The right way to respond: Did the “Colonizers and Colonized” protesters go too far?
Wednesday night was different from most of my nights at Yale. I had just settled back in front of Facebook after having a little too much Manischevitz at Slifka’s Queer Seder. Thoughts of freedom from oppression and slavery floated around in my head. Then a friend shared an event with me, and the night took a bitter turn.
“Colonizers and Colonized,” as it was originally called, was to be a mixer “exclusively” between the Latin American Students Organization and the Yale European Undergraduates. Attendees were strongly encouraged to wear “proper colonizer/colonized attire” and those in costume were to be rewarded with drink specials throughout the night. That’s right, recreating the brutal history of European colonization of the Americas would get you a shiny new red Solo cup full of booze.
The flagrancy and ignorance of the organizers of this party is astounding, yet sadly unsurprising. But worse, perhaps was their response.
This event, had it come to fruition as it was originally advertised, would have set a very dangerous precedent at Yale College. I doubt I was the only one who immediately thought of “race parties” that have marred other college campuses across the country. Much of the reason the event didn’t come to fruition was that the prospect of it infuriated me and other conscientious Yalies. As more and more Yalies found out about the proposed colonization collusion, posts went up decrying the wrongness of the event. To borrow loosely from the Passover seders many of us have been celebrating this week, the sons (and daughters) of Eli cried out: You want me to dress up as the colonized, Master? Should I don a loincloth and a headdress and dance around asking Tlaloc to let up on the rain we’ve been having? We cried out to each other, to masters, to deans (not to cancel the event but merely to express our concern). And in 2010, what better way to fight back than by wailing on the event’s wall?
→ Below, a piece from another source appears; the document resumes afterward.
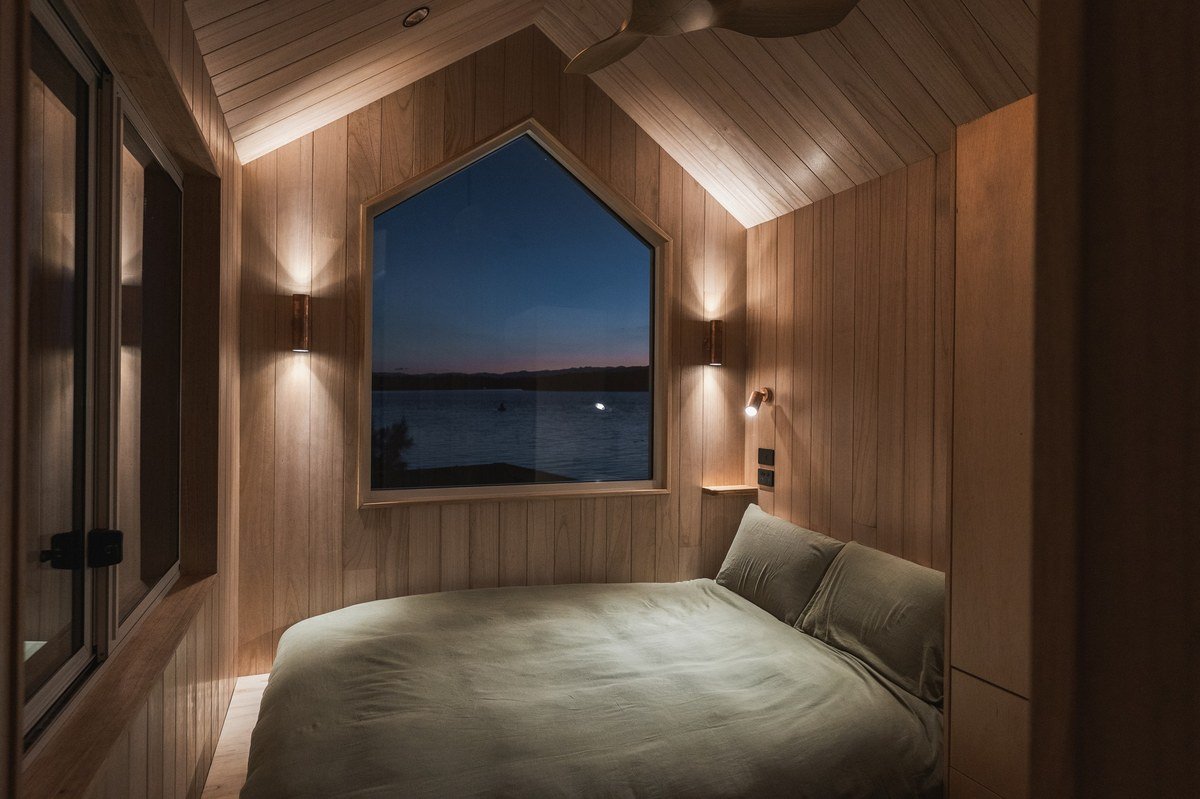 Tiny home bedroom at twilight with wood paneling and lake view through window, calm tiny living sleep space
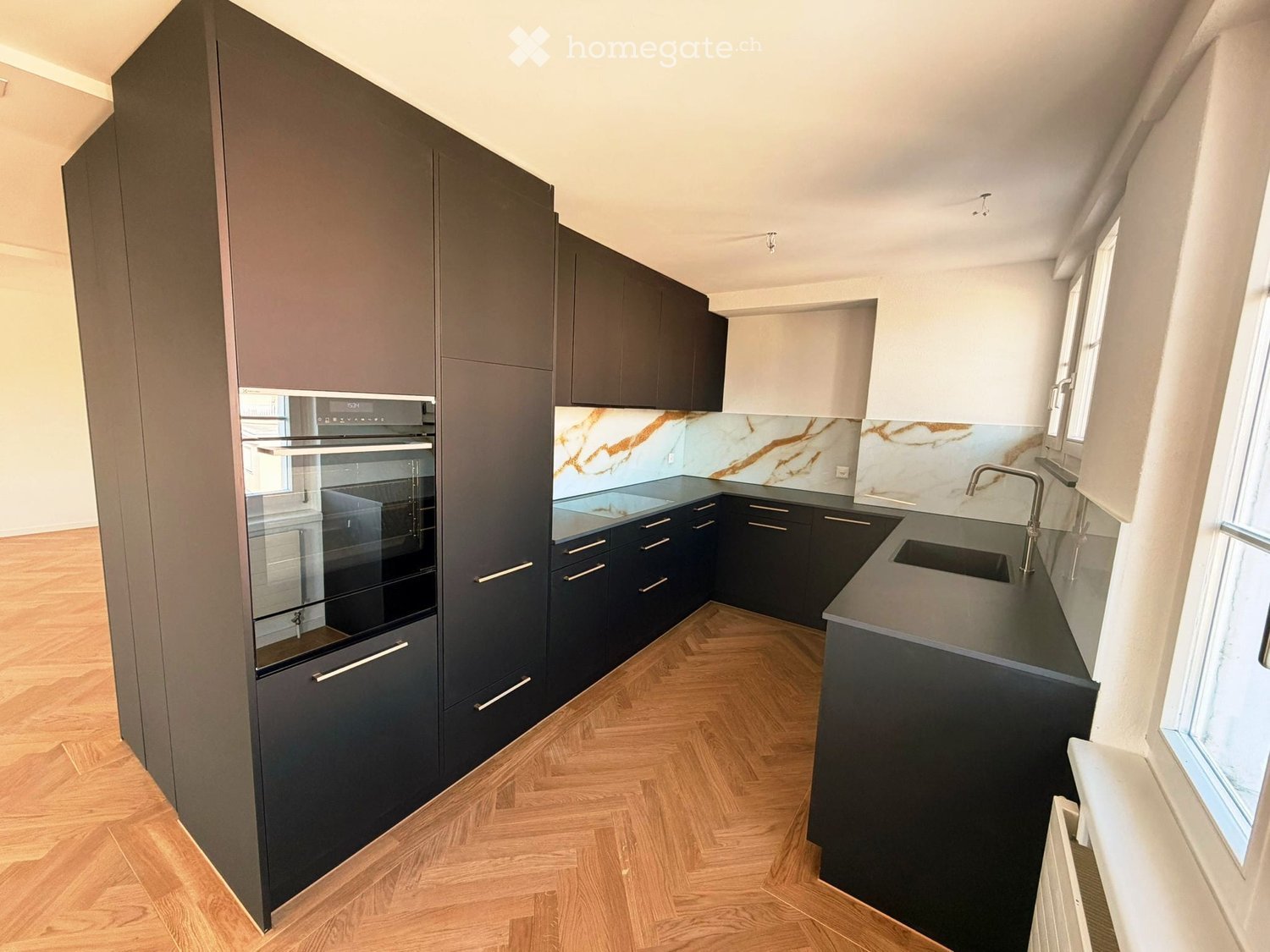 modern kitchen with black cabinets, wooden floor, marble countertops, stainless steel sink, oven, and faucet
As discussion spread, one of the organizers noted that the event was not meant to cause any unrest; it was meant to celebrate the fact that colonization was done away with, and we can laugh about it now. Then LASO and YEU cleared off the event’s wall. Admittedly, the organizers might have been upset by some of the responses, but censoring the discussion is no way to promote a dialogue.
I’m embarrassed that fellow Yalies could have thought this party theme was acceptable, but I’m sadly not surprised. Over my four years here, I’ve felt that LASO was disconnected from other groups under the La Casa umbrella. By ignoring the fact that many members of La Casa still reel from the effects of colonization, LASO and YEU only deepened the divide. Worse, while I’m glad LASO and YEU got rid of the colonial references to the event, their reckless, ignorant theme did not fully disappear. The victors are the ones who get to write history; LASO and YEU prevented some dissenting from being heard. Over the past week, we’ve celebrated holidays with the overarching themes of liberation and rebirth. As we look back and celebrate our histories, it’s also important to realize we might be around now because someone else had to suffer in the past. And making light of suffering requires careful consideration.